Предпосылки к теории символизма 24 страница



Не ошиблась ли творческая энергия человечества, выбрав тот путь, на котором образовались ныне пленяющие нас формы? Не нужно ли проанализировать самые законы творчества, прежде чем соглашаться с искусством, когда оно предстает нам в формах? Не суть ли формы эти далекое прошлое творчества? Следует ли и ныне творческому потоку низвергаться в жизнь по тем окаменелым уступам, высшая точка которых — музыка, низшая — зодчество; ведь, опознав эти формы, мы превращаем их в ряд технических средств, леденящих творчество; мы превращаем творчество в познание: комету — в ее искристый хвост, лишь освещающий путь, по которому пронеслось творчество; музыка, живопись, архитектура, скульптура, поэзия — все это уже отжившее прошлое: здесь в камне, в краске, звуке и слове совершился процесс преобразования когда-то живой и уже теперь мертвой жизни; музыкальный ритм — ветер, пересекавший небо души; пробегая по этому небу, жарко томившемуся в ожидании творения, музыкальный ритм — «глас хлада тонка » — сгустил облака поэтических мифов; и миф занавесил небо души, засверкал тысячами красок; окаменел в камне; творческий поток создал живой облачный миф; но миф застыл и распался на краски и камни.

Возник мир искусств как надгробный храм жизненного творчества.

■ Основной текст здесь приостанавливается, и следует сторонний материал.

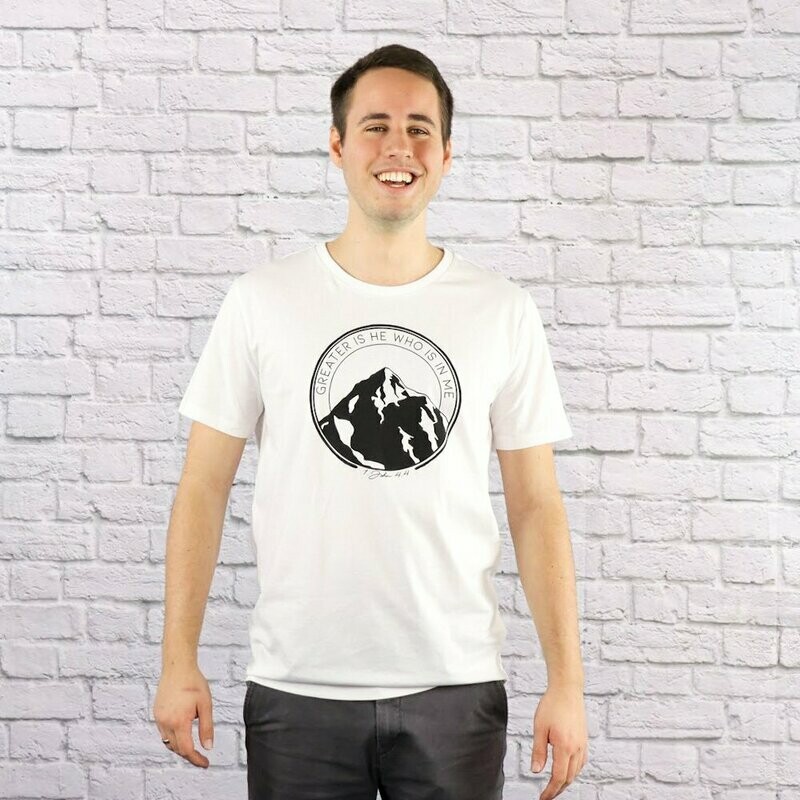 T-Shirt T-Shirt "Greater is he"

Закрепляя творческий процесс в форме, мы, в сущности, приказываем себе видеть в пепле и магме самую лаву; оттого-то безнадежна наша перспектива о будущем искусстве; мы велим этому будущему быть пеплом; мы одинаково умерщвляем творчество, то комбинируя осколки его в одну кучу (синтез искусств), то раздробляя эти формы до бесконечности (дифференциация искусств).

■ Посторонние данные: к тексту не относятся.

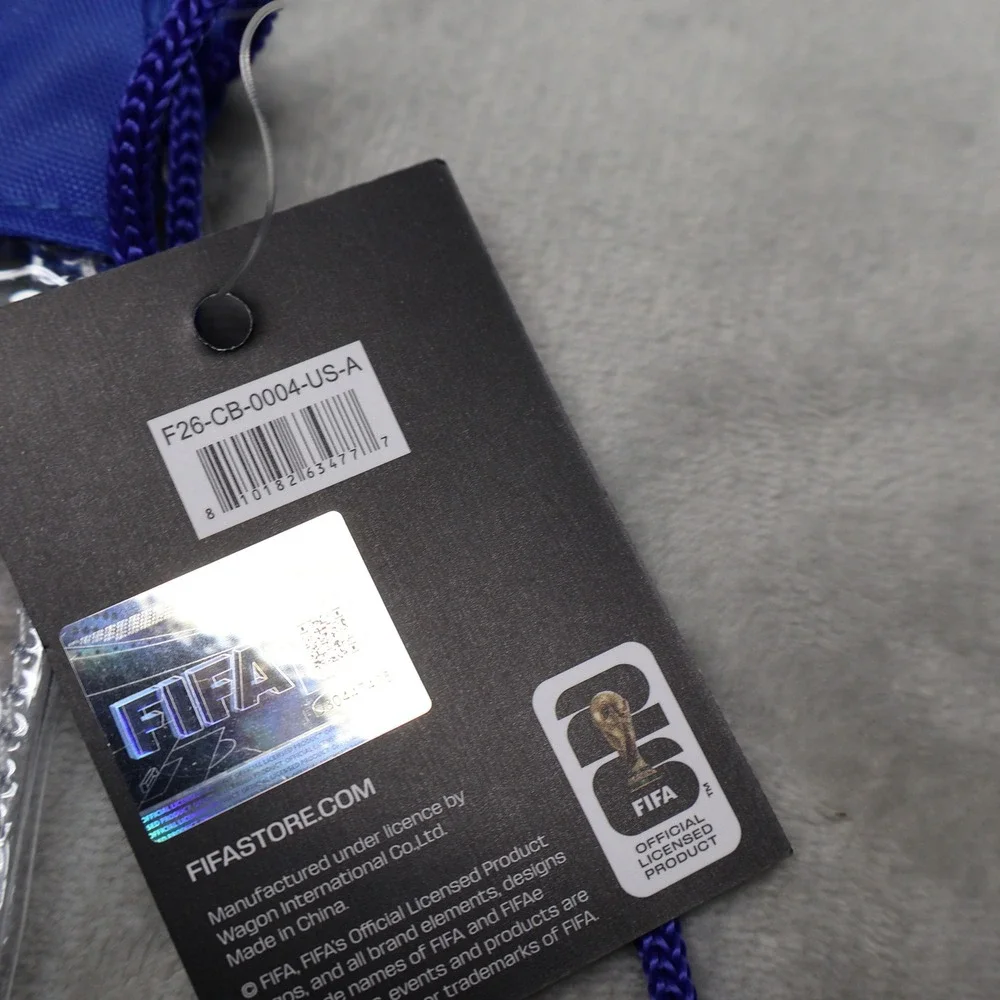FIFA Drawstring Bag Unisex One Size Blue Clear USA World Cup 2026 Graphic NEW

И тут, и там воскресает прошлое; и здесь, и там мы во власти у дорогих мертвецов; и дивные звуки бетховенской симфонии, и победные звуки дионисических дифирамбов (Ницше), все это — мертвые звуки: мы думаем, что это цари, облеченные в виссон, а это набальзамированные трупы; они приходят к нам очаровывать смертью.

С искусством, с жизнью дело обстоит гораздо серьезнее, чем мы думаем; бездна, над которой повисли мы, глубже, мрачнее.

Чтобы выйти из заколдованного круга противоречий, мы должны перестать говорить о чем бы то ни было, будь то искусство, познание или сама наша жизнь.

Мы должны забыть настоящее: мы должны все снова пересоздать: для этого мы должны создать самих себя.

И единственная круча, по которой мы можем еще карабкаться, это мы сами.

На вершине нас ждет наше «я».

Вот ответ для художника: если он хочет остаться художником, не переставая быть человеком, он Дожжен стать своей собственной художественной формой.

Только эта форма творчества еще сулит нам спасение.

Тут и лежит путь будущего искусства.

 

 

II

 

Пророк безличия84

 

«Фальк вскочил окончательно взбешенный. Что там такое?»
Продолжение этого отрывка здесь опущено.